KMPR heads into the last week of May with a stark contradiction at its centre: the stock is down 15% over the past month and suffered a 7% single-day drop on May 26, yet short sellers have been actively reducing positions — not adding to them.
The earnings release on May 6 set the tone. The stock fell 10.6% on the day and shed another 9.4% over the following five sessions. Revenue fell 7% year-over-year in the most recent quarter, the company posted a net loss, and bodily injury severity in California continued to run well above expectations. That is the backdrop against which the current $27.69 price needs to be understood.
Short sellers have been retreating in the aftermath. Short interest as a percentage of free float peaked near 6.4% in late April, climbed briefly to 6.2% around May 18, then fell sharply — dropping 23% week-on-week to 4.7% of the float. The lending market tells a similar story of loosening pressure. Borrow availability is extremely ample at nearly 5,936% — far above even the 52-week low of 742% — meaning the pool of shares available to lend vastly exceeds what has been borrowed. Cost to borrow ticked up 14% on the week to 0.43%, but that remains a negligible rate. None of this points to a squeeze dynamic; shorts are walking away on their own terms after a sharp decline rewards their thesis.

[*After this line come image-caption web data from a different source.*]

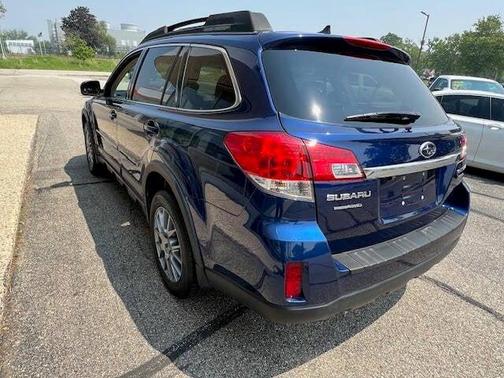 2011 Subaru Outback 3.6 R Limited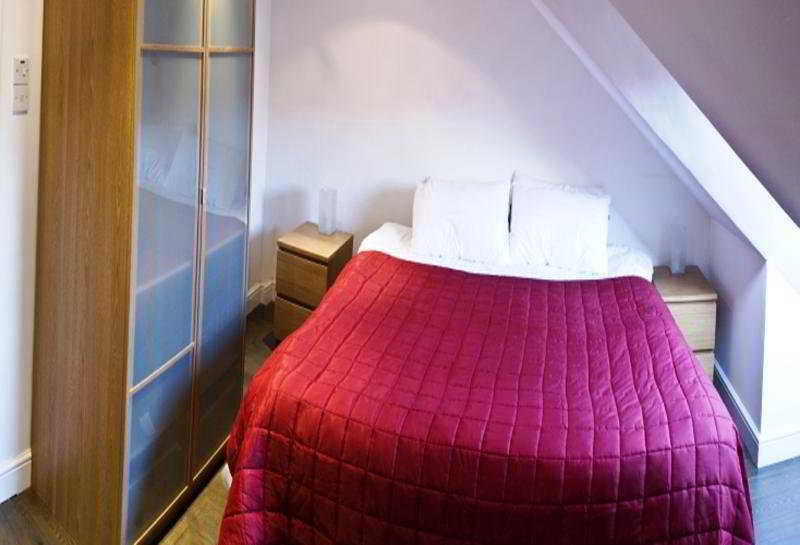 hotel 16/4 York Place Lets In The City Edinburgh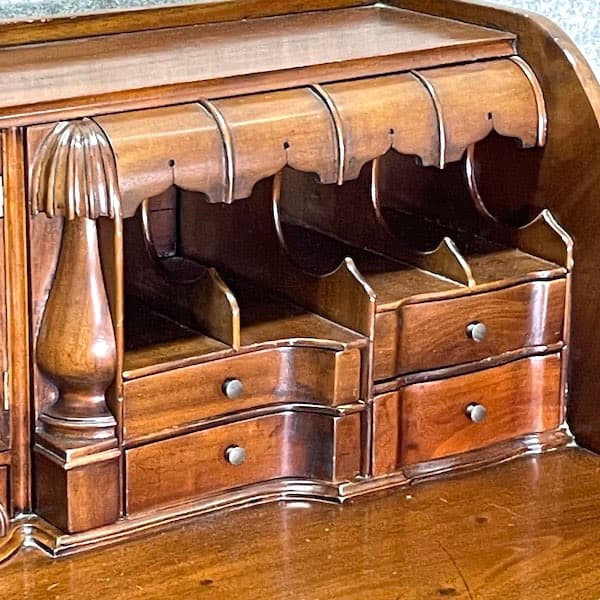 アンティーク　デスク　クイーンアン様式　ガブリオールレッグ　猫足　隠し引き出し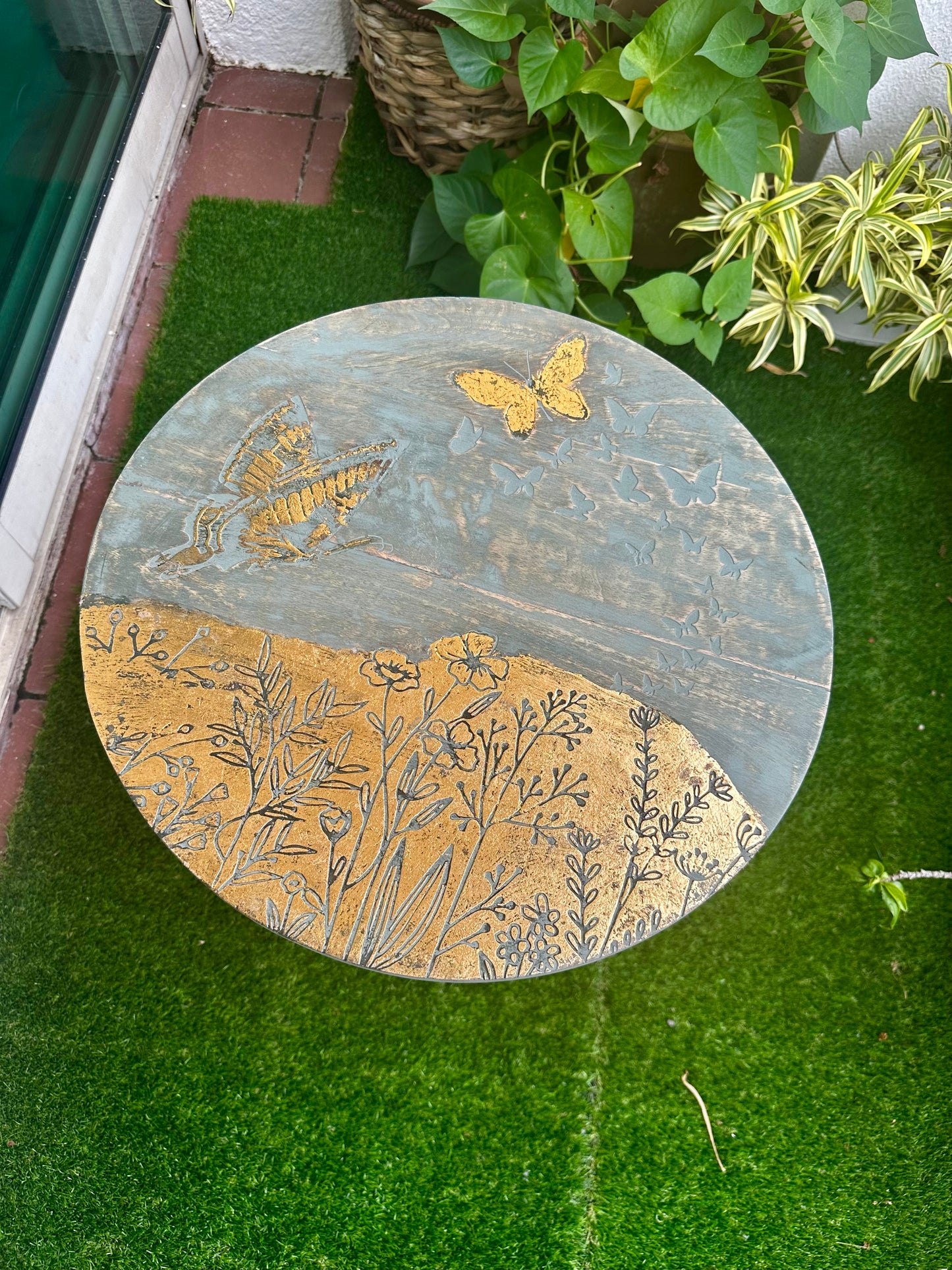 Antique Verdigris Gold Mango Wood Table with Detachable Legs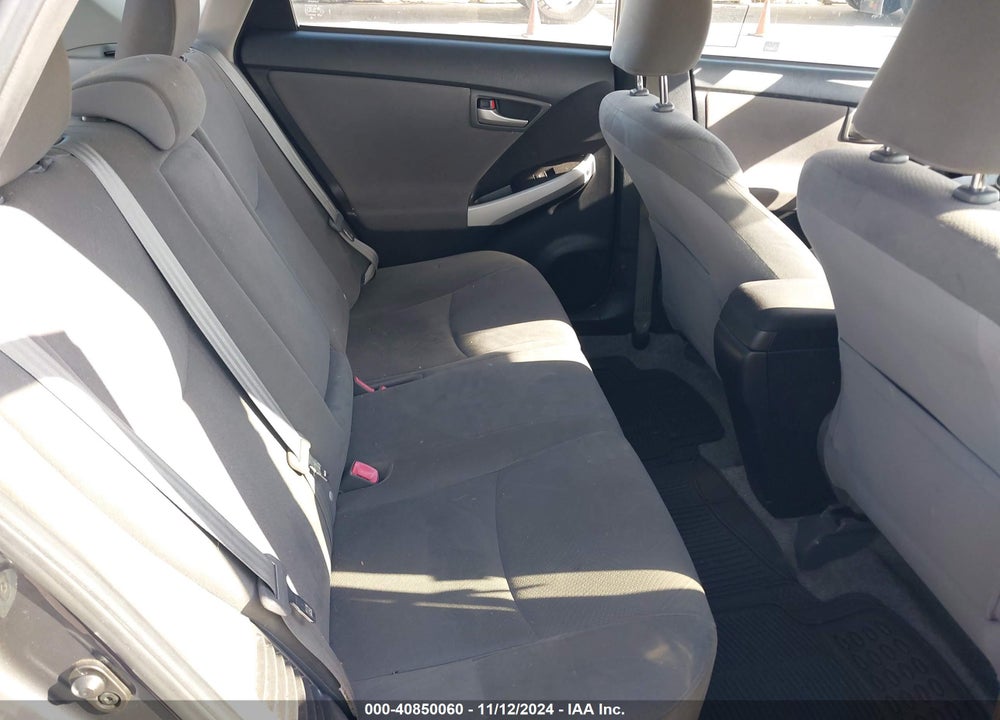 2013 TOYOTA PRIUS TWO VIN: JTDKN3DU5D5559643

Options positioning adds a layer of nuance but not a strong directional signal. The put/call ratio is running at 3.42 — well above 1.0, indicating persistent put-heavy positioning — but the reading is essentially in line with its 20-day average of 3.38, with a z-score near zero. The elevated absolute PCR appears to be a structural feature of KMPR's option market rather than a fresh surge in bearish hedging. The 52-week PCR range of 0.009 to 10.07 is extraordinarily wide, confirming the options market here can swing dramatically; at current levels, caution is present but not at a meaningful extreme.
The Street's directional drift has been consistently downward. UBS maintained its Buy but cut its target from $48 to $44 on May 11 — a notable concession from an analyst still nominally bullish. Piper Sandler, which holds an Underweight, trimmed its target from $35 to $28 in the days after earnings, putting it now only marginally above the current price. The consensus mean target of $51 sits nearly double the current price, but that gap is increasingly hard to take at face value given the sequential target cuts across the board. Price-to-book is 0.68 and the EV/EBIT sits well into three-digit territory, reflecting an operation that is still near breakeven on a reported basis. Net debt of $1.4 billion against an EBITDA of just $20 million in the latest quarter is the underlying constraint that limits re-rating potential. The ORTEX short score has settled around 37, having briefly spiked to 44.8 on May 18 before pulling back — a temporary flare-up that has since faded.
Institutional flows carry one noteworthy signal. BlackRock lifted its position by over 2 million shares to hold 12.5% of the company as of the end of April. That is a sizeable move from the largest holder, though its timing predates the post-earnings decline. The rest of the top holders — Vanguard entities, Dimensional, State Street — show modest incremental adds, consistent with passive rebalancing rather than active conviction buying. Insider activity since May has been limited to a single small sell by an EVP; the cluster of February 6 sells, all at prices around $34, underscores the gap between where insiders were trimming and where the stock trades today.
Next earnings are scheduled for August 5. Between now and then, the question is whether management can demonstrate improving California auto loss trends — the single variable the bear case most explicitly flags as the linchpin for any recovery narrative.